**DATA**.
= Beginning of Section =

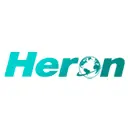 China-Heron.com Favicon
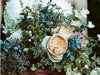 Hilary Horvath Flowers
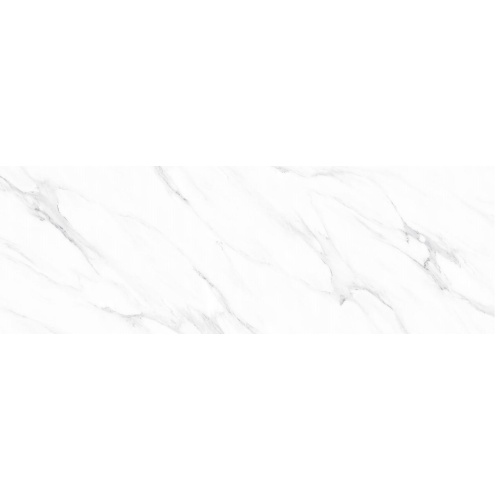 غزال Ghazal - سرامیک غزال خاکستری 40x120 - کاشی آسیا  ASIA TILE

= End of Section =

**AIM OF THE TASK**. Reproduce the data in full. Do not carry over any picture.

**TASK ANSWER**.
 China-Heron.com Favicon
 Hilary Horvath Flowers
 غزال Ghazal - سرامیک غزال خاکستری 40x120 - کاشی آسیا  ASIA TILE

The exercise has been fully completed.